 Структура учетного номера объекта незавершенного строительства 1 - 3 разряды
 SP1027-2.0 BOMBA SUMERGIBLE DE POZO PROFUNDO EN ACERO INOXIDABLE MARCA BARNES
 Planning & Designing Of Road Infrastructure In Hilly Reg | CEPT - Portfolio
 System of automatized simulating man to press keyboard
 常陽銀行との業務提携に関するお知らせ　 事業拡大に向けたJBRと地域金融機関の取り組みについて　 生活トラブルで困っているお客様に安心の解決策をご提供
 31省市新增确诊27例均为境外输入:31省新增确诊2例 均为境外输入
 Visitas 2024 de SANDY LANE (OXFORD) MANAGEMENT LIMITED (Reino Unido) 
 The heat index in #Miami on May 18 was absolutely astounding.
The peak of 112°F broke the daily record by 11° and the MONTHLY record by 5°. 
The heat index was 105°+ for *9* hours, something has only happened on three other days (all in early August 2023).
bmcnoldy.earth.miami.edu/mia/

...

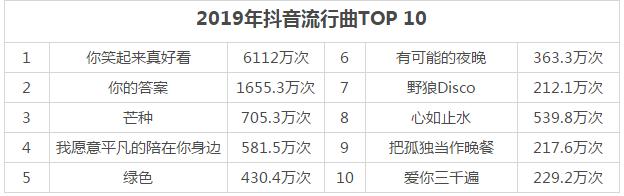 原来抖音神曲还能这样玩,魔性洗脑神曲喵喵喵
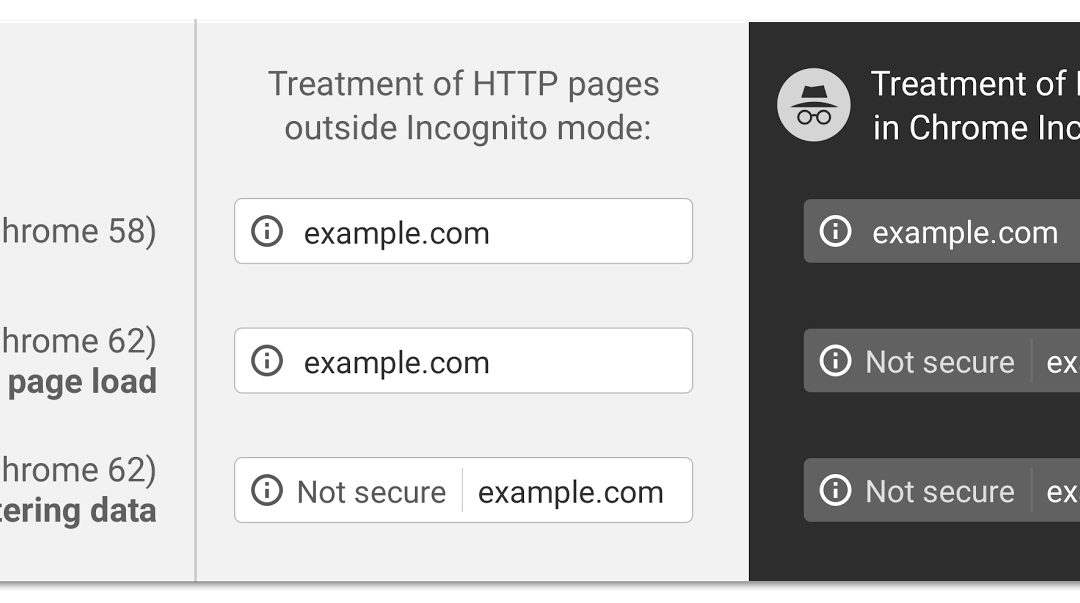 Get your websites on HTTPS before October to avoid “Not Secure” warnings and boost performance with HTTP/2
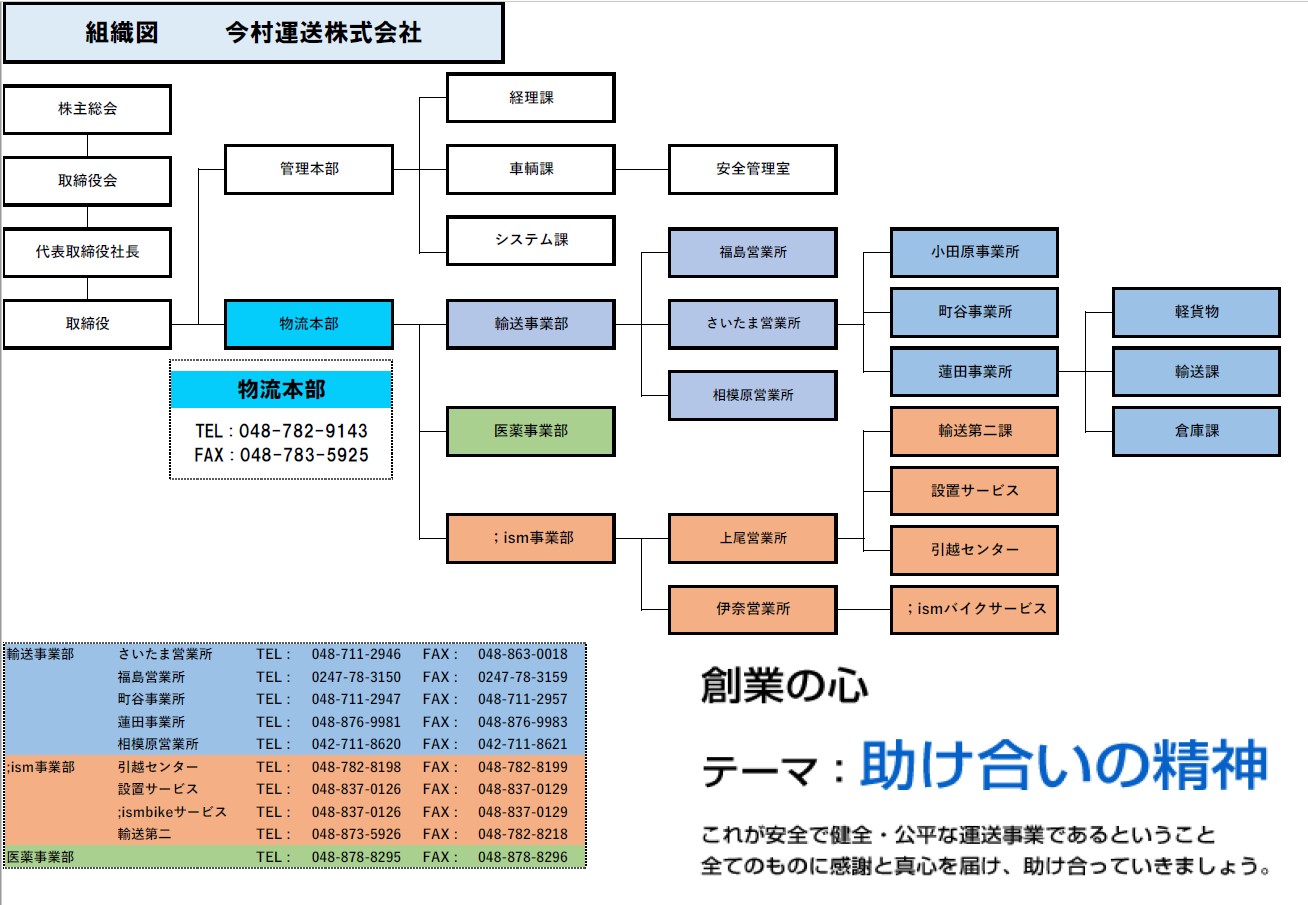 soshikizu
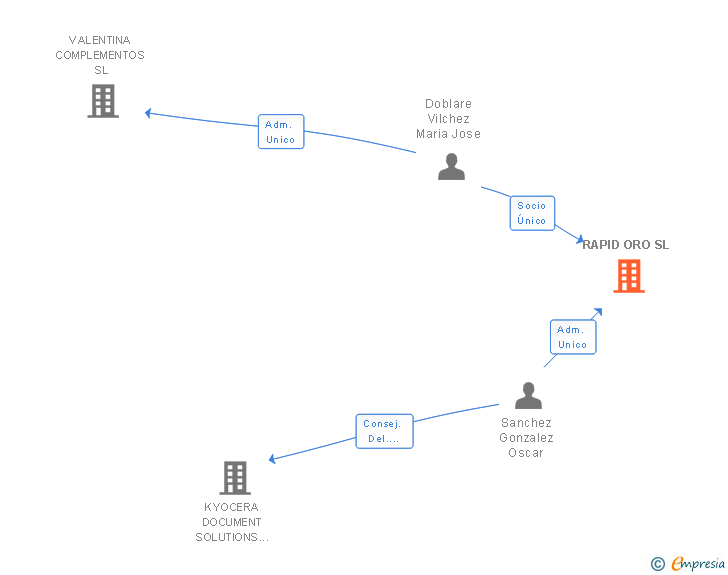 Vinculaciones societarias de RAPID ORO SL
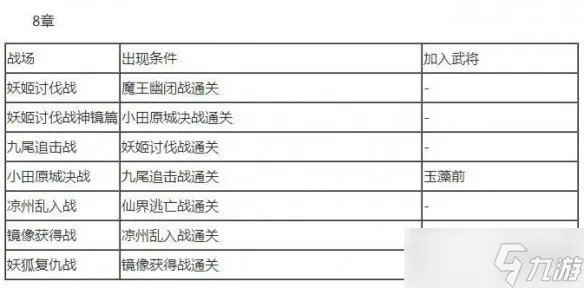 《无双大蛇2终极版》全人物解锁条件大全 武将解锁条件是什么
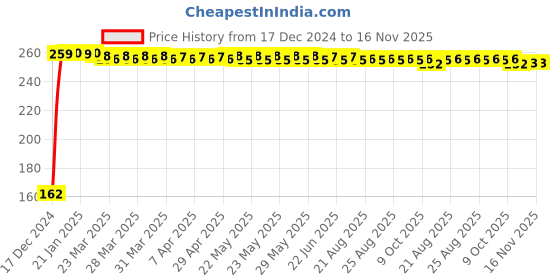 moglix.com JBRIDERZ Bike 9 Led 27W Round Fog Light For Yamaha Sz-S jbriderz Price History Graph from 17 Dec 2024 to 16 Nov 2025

▶ Task to complete: Here the output must be the lines above from the line with "Структура учетного номера" to the line with "bmcnoldy.earth.miami.edu/mia/", both included, duplicated word for word and nothing else.

▶ Written answer:
 Структура учетного номера объекта незавершенного строительства 1 - 3 разряды
 SP1027-2.0 BOMBA SUMERGIBLE DE POZO PROFUNDO EN ACERO INOXIDABLE MARCA BARNES
 Planning & Designing Of Road Infrastructure In Hilly Reg | CEPT - Portfolio
 System of automatized simulating man to press keyboard
 常陽銀行との業務提携に関するお知らせ　 事業拡大に向けたJBRと地域金融機関の取り組みについて　 生活トラブルで困っているお客様に安心の解決策をご提供
 31省市新增确诊27例均为境外输入:31省新增确诊2例 均为境外输入
 Visitas 2024 de SANDY LANE (OXFORD) MANAGEMENT LIMITED (Reino Unido) 
 The heat index in #Miami on May 18 was absolutely astounding.
The peak of 112°F broke the daily record by 11° and the MONTHLY record by 5°. 
The heat index was 105°+ for *9* hours, something has only happened on three other days (all in early August 2023).
bmcnoldy.earth.miami.edu/mia/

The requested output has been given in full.